LKAB and Predge start-up introduce a new unique solution for conveyor belt maintenance
Conveyor belt systems are composed of numerous components where the failure of a component leads to production stops of varying severity. While idlers may fail more often, they are usually more swiftly replaced than drums and pulleys, which render longer production stops for their repair. Bearings in all these components are very often the failing part of these components.
In the project CoCoP (conveyor belt condition monitoring and health prediction), LKAB and Predge AB have jointly developed a new solution using a digital model, combining component information with the dynamic behaviour of the degradation processes, called a digital twin. The digital twin will operate in parallel with the real-life conveyor belt and continuously monitor and assess each component based on operational and maintenance data. In addition, visual information is used by CoCoP to determine extraordinary hazards to the operation of the conveyor belt using an AI approach.
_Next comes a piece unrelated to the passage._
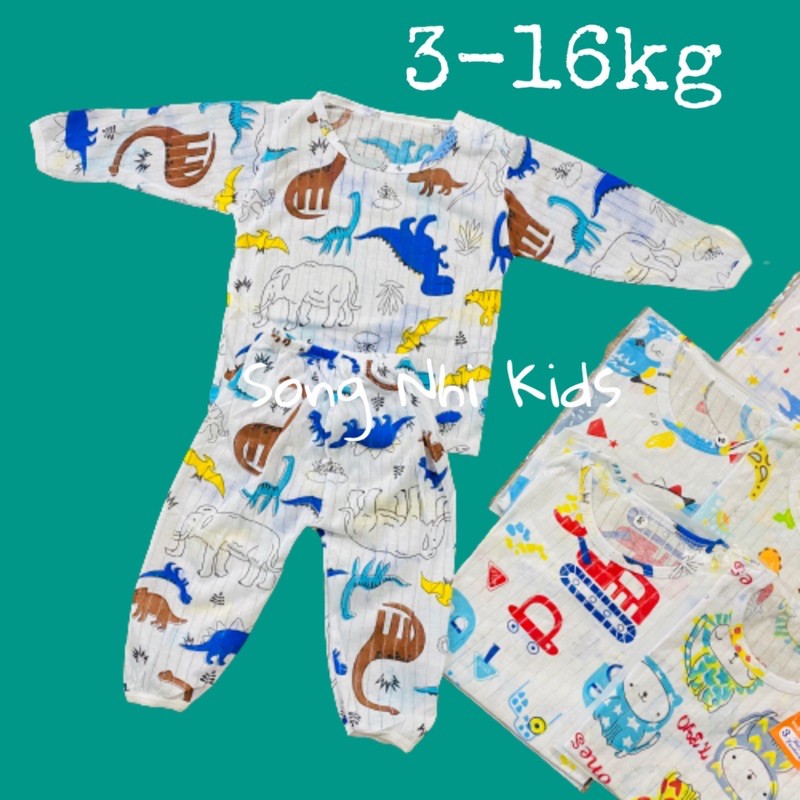 BỘ COTTON GIẤY DÀI TAY SƠ SINH CHO BÉ TỪ 3 ĐẾN 16KG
The results of the CoCoP project create new knowledge to the EIT RawMaterials Community on the practical implementation of predictive maintenance solutions where domain knowledge is used in combination with advanced data analytics, machine learning and principles of AI.
Per Storm, EIT RawMaterials Innovation Hub North Director
The condition monitoring of the components of conveyor belt system models with predictive capabilities is derived using a combination of first principle models and data-driven models (methods from both machine learning and system identification are used here). Idlers, rollers, and pulleys are then monitored, and the condition is predicted to establish estimates for the remaining useful life of individual components. Maintenance can then be appropriately planned and optimised by assessing the future condition of the population of components. Decision support will enable the different roles like operators, maintenance engineers, and management to act on the provided insights. The decision support also includes a scenario-based assessment tool that uses the digital twin to perform what-if analysis.
Flexible SaaS solution for condition monitoring and health prediction of a conveyor belt system
Predge and LKAB are validating a breakthrough innovative and flexible SaaS solution for condition monitoring and health prediction of conveyor belt systems. Customers will be able to cut maintenance costs with better planning opportunities and more reliable production.
Contrary to available solutions on the market, a system-level approach is taken to understand the war and tear of critical components and predict when the systems will fail. The CoCop monitoring and health prediction system will reduce costs for customers due to a reduced amount of unexpected maintenance stops. Additionally, it prolongs the use of different parts of the conveyor system, e.g. bearings, since the system offers access to predictions of the remaining useful life of vital parts. This could potentially push the replacement of a part to a planned maintenance stop later and having a positive impact on both cost, work safety, environment and overall equipment efficiency.
The Predge digital platform providing predictive decision support is a market solution at TRL-9 and was brought to that level by an EIT RawMaterials Booster funding during 2016-2017, originally starting from TRL-5.
We are proud to be recognised as one of the top most promising tech start-ups in Sweden with global potential. With the support of EIT RawMaterials, we have been introduced to the world’s largest innovation community in the raw materials sector.
Bengt Jonsson, CEO at Predge AB
Using the conveyor belt system condition monitoring and health prediction (CBCM-HP) system will help LKAB running a safe and sustainable production of raw materials. Looking ahead, when this project is concluded, the new solution will be available to the partners of the EIT RawMaterials Community, as well as European stakeholders in the mining and mineral process industry.